Delivery of dendritic cells engineered to secrete IFN-alpha into central nervous system tumors enhances the efficacy of peripheral tumor cell vaccines: dependence on apoptotic pathways.

We tested whether modulation of the CNS-tumor microenvironment by delivery of IFN-alpha-transduced dendritic cells (DCs: DC-IFN-alpha) would enhance the therapeutic efficacy of peripheral vaccinations with cytokine-gene transduced tumor cells. Mice bearing intracranial GL261 glioma or MCA205 sarcoma received peripheral immunizations with corresponding irradiated tumor cells engineered to express IL-4 or GM-CSFs, respectively, as well as intratumoral delivery of DC-IFN-alpha.
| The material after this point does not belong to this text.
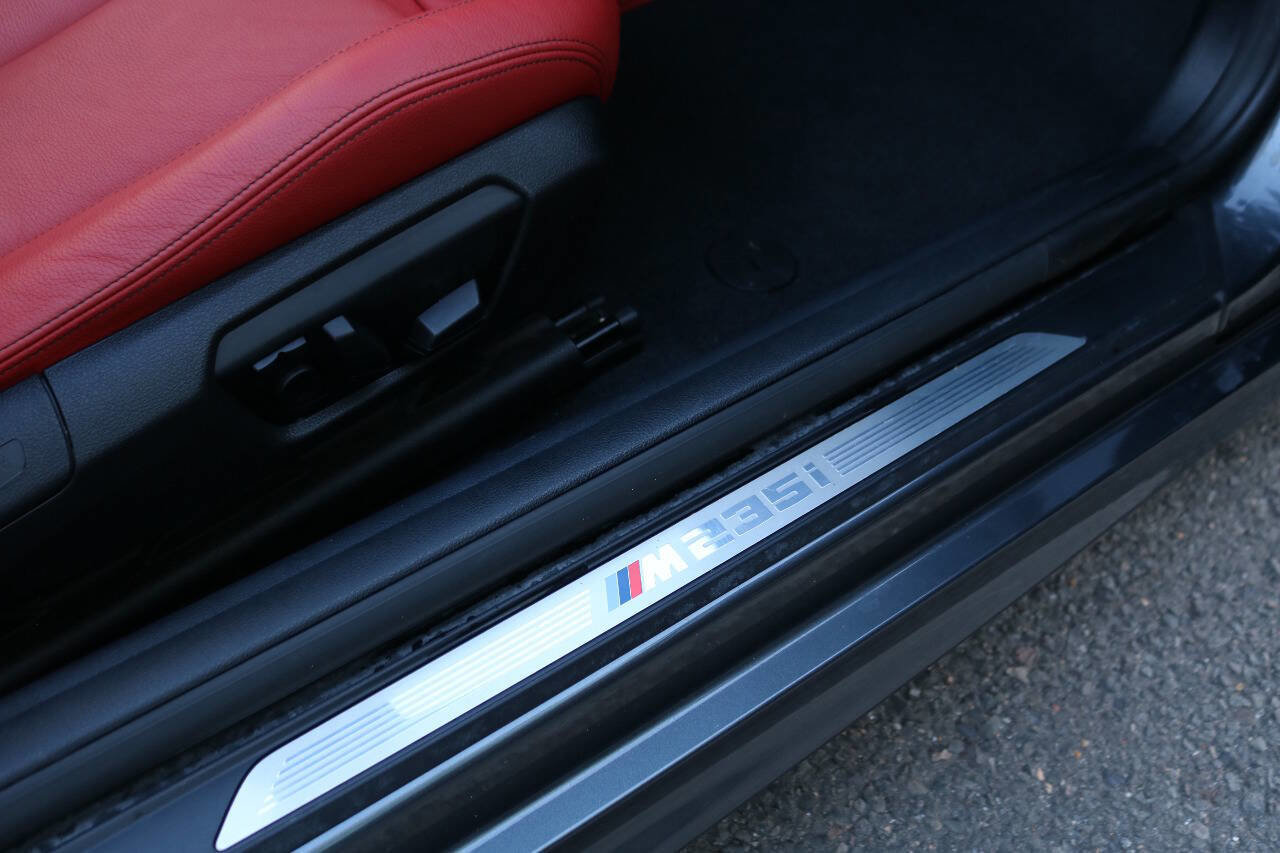 Used 2015 BMW M235i Convertible image 33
This regimen prolonged survival of the animals and induced tumor-specific CTLs that expressed TRAIL, which in concert with perforin and Fas ligand (FasL) was involved in the tumor-specific CTL activity of these cells. The in vivo antitumor activity associated with this approach was abrogated by administration of neutralizing mAbs against TRAIL or FasL and was not observed in perforin-/-, IFN-gamma-/-, or FasL-/- mice. Transduction of the tumor cells with antiapoptotic protein cellular FLIP rendered the gene-modified cells resistant to TRAIL- or FasL-mediated apoptosis and to CTL killing activity in vitro. Furthermore, the combination therapeutic regimen was ineffective in an intracranial cellular FLIP-transduced MCA205 brain tumor model. These results suggest that the combination of intratumoral delivery of DC-IFN-alpha and peripheral immunization with cytokine-gene transduced tumor cells may be an effective therapy for brain tumors that are sensitive to apoptotic signaling pathways.